◆ **INSTRUCTIONS TO FOLLOW**: Print the lines in the listing below that fall between the line with "Foto depan Depot Air Minum Alma di Bandung" and the line with "Elie Tahari S/S 16 Look 14", those two lines included, exactly as they stand and with nothing else.

EXCERPTED RECORDS section start

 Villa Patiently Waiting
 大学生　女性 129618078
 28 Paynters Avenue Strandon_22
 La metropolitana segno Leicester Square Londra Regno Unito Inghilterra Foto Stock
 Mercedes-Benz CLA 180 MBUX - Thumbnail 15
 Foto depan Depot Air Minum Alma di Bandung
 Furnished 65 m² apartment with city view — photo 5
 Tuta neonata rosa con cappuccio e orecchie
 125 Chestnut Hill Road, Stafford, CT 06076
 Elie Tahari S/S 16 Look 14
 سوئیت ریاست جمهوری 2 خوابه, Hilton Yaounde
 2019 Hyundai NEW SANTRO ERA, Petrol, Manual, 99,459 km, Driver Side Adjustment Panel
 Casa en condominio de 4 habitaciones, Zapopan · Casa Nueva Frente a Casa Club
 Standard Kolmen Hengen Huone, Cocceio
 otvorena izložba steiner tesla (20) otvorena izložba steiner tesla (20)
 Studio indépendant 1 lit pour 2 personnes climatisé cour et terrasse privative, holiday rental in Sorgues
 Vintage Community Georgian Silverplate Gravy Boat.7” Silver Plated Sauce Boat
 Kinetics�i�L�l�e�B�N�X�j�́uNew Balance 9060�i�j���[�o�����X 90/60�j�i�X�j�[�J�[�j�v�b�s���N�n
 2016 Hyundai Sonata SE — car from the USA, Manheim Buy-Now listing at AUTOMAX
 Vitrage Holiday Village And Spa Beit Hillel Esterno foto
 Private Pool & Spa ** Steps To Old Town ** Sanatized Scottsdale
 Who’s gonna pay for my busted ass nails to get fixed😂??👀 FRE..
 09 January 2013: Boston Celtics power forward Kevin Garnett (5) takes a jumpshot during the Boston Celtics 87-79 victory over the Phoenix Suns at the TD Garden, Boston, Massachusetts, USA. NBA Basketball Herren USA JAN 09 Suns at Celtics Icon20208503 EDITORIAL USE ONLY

EXCERPTED RECORDS section end

◆ **ANSWER FOR THIS EXERCISE**:
 Foto depan Depot Air Minum Alma di Bandung
 Furnished 65 m² apartment with city view — photo 5
 Tuta neonata rosa con cappuccio e orecchie
 125 Chestnut Hill Road, Stafford, CT 06076
 Elie Tahari S/S 16 Look 14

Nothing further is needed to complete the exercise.